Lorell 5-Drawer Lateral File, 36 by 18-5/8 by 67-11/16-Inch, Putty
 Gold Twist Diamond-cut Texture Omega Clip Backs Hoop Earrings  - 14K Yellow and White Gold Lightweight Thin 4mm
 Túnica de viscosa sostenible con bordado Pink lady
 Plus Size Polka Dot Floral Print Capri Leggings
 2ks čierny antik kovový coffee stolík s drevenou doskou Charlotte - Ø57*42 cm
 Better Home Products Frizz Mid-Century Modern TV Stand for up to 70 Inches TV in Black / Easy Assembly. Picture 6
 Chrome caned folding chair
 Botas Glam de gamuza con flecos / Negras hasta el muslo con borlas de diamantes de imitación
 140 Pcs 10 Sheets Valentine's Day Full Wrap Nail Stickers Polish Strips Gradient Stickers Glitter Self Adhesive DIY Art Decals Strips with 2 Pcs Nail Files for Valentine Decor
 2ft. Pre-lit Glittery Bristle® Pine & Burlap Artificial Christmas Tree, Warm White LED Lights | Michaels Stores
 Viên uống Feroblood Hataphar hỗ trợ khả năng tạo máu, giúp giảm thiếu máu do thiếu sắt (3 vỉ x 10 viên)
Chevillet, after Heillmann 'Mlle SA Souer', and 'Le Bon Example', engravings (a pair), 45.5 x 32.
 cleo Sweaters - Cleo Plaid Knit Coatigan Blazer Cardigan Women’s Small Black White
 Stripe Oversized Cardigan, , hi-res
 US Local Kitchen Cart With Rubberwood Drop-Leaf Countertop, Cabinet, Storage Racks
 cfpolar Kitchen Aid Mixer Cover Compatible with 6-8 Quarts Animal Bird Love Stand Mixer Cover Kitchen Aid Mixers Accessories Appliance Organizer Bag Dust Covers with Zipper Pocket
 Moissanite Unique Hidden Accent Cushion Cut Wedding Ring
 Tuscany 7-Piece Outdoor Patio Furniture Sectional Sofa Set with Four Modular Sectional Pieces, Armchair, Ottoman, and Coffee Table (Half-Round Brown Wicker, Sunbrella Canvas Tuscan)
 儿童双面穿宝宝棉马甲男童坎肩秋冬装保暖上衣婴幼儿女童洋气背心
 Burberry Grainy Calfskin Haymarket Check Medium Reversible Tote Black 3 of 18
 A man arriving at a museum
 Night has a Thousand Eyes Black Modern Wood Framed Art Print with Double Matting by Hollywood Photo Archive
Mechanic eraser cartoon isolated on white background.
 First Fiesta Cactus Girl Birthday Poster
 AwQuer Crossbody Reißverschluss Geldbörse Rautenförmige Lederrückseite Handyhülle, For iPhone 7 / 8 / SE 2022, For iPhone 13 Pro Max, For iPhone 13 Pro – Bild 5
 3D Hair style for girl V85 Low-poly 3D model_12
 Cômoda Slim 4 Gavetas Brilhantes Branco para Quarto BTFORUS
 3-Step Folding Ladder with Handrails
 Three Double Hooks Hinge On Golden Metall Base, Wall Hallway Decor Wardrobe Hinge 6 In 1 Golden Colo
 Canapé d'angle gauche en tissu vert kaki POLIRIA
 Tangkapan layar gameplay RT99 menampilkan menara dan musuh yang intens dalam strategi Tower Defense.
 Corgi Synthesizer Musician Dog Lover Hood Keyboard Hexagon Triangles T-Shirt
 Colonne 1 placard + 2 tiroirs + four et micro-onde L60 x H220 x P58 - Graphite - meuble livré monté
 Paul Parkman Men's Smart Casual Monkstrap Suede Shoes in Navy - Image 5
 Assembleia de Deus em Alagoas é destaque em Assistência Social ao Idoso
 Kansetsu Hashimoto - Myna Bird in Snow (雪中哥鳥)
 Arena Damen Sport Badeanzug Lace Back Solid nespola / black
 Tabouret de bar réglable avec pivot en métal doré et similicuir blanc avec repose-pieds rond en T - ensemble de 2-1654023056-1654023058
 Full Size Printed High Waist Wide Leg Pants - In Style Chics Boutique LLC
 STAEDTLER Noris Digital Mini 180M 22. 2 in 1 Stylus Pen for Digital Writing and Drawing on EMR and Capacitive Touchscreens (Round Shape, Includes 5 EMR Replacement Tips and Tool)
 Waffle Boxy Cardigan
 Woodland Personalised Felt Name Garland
────
What you will do — Make an exact copy of the material above.

Answer box —
Lorell 5-Drawer Lateral File, 36 by 18-5/8 by 67-11/16-Inch, Putty
 Gold Twist Diamond-cut Texture Omega Clip Backs Hoop Earrings  - 14K Yellow and White Gold Lightweight Thin 4mm
 Túnica de viscosa sostenible con bordado Pink lady
 Plus Size Polka Dot Floral Print Capri Leggings
 2ks čierny antik kovový coffee stolík s drevenou doskou Charlotte - Ø57*42 cm
 Better Home Products Frizz Mid-Century Modern TV Stand for up to 70 Inches TV in Black / Easy Assembly. Picture 6
 Chrome caned folding chair
 Botas Glam de gamuza con flecos / Negras hasta el muslo con borlas de diamantes de imitación
 140 Pcs 10 Sheets Valentine's Day Full Wrap Nail Stickers Polish Strips Gradient Stickers Glitter Self Adhesive DIY Art Decals Strips with 2 Pcs Nail Files for Valentine Decor
 2ft. Pre-lit Glittery Bristle® Pine & Burlap Artificial Christmas Tree, Warm White LED Lights | Michaels Stores
 Viên uống Feroblood Hataphar hỗ trợ khả năng tạo máu, giúp giảm thiếu máu do thiếu sắt (3 vỉ x 10 viên)
Chevillet, after Heillmann 'Mlle SA Souer', and 'Le Bon Example', engravings (a pair), 45.5 x 32.
 cleo Sweaters - Cleo Plaid Knit Coatigan Blazer Cardigan Women’s Small Black White
 Stripe Oversized Cardigan, , hi-res
 US Local Kitchen Cart With Rubberwood Drop-Leaf Countertop, Cabinet, Storage Racks
 cfpolar Kitchen Aid Mixer Cover Compatible with 6-8 Quarts Animal Bird Love Stand Mixer Cover Kitchen Aid Mixers Accessories Appliance Organizer Bag Dust Covers with Zipper Pocket
 Moissanite Unique Hidden Accent Cushion Cut Wedding Ring
 Tuscany 7-Piece Outdoor Patio Furniture Sectional Sofa Set with Four Modular Sectional Pieces, Armchair, Ottoman, and Coffee Table (Half-Round Brown Wicker, Sunbrella Canvas Tuscan)
 儿童双面穿宝宝棉马甲男童坎肩秋冬装保暖上衣婴幼儿女童洋气背心
 Burberry Grainy Calfskin Haymarket Check Medium Reversible Tote Black 3 of 18
 A man arriving at a museum
 Night has a Thousand Eyes Black Modern Wood Framed Art Print with Double Matting by Hollywood Photo Archive
Mechanic eraser cartoon isolated on white background.
 First Fiesta Cactus Girl Birthday Poster
 AwQuer Crossbody Reißverschluss Geldbörse Rautenförmige Lederrückseite Handyhülle, For iPhone 7 / 8 / SE 2022, For iPhone 13 Pro Max, For iPhone 13 Pro – Bild 5
 3D Hair style for girl V85 Low-poly 3D model_12
 Cômoda Slim 4 Gavetas Brilhantes Branco para Quarto BTFORUS
 3-Step Folding Ladder with Handrails
 Three Double Hooks Hinge On Golden Metall Base, Wall Hallway Decor Wardrobe Hinge 6 In 1 Golden Colo
 Canapé d'angle gauche en tissu vert kaki POLIRIA
 Tangkapan layar gameplay RT99 menampilkan menara dan musuh yang intens dalam strategi Tower Defense.
 Corgi Synthesizer Musician Dog Lover Hood Keyboard Hexagon Triangles T-Shirt
 Colonne 1 placard + 2 tiroirs + four et micro-onde L60 x H220 x P58 - Graphite - meuble livré monté
 Paul Parkman Men's Smart Casual Monkstrap Suede Shoes in Navy - Image 5
 Assembleia de Deus em Alagoas é destaque em Assistência Social ao Idoso
 Kansetsu Hashimoto - Myna Bird in Snow (雪中哥鳥)
 Arena Damen Sport Badeanzug Lace Back Solid nespola / black
 Tabouret de bar réglable avec pivot en métal doré et similicuir blanc avec repose-pieds rond en T - ensemble de 2-1654023056-1654023058
 Full Size Printed High Waist Wide Leg Pants - In Style Chics Boutique LLC
 STAEDTLER Noris Digital Mini 180M 22. 2 in 1 Stylus Pen for Digital Writing and Drawing on EMR and Capacitive Touchscreens (Round Shape, Includes 5 EMR Replacement Tips and Tool)
 Waffle Boxy Cardigan
 Woodland Personalised Felt Name Garland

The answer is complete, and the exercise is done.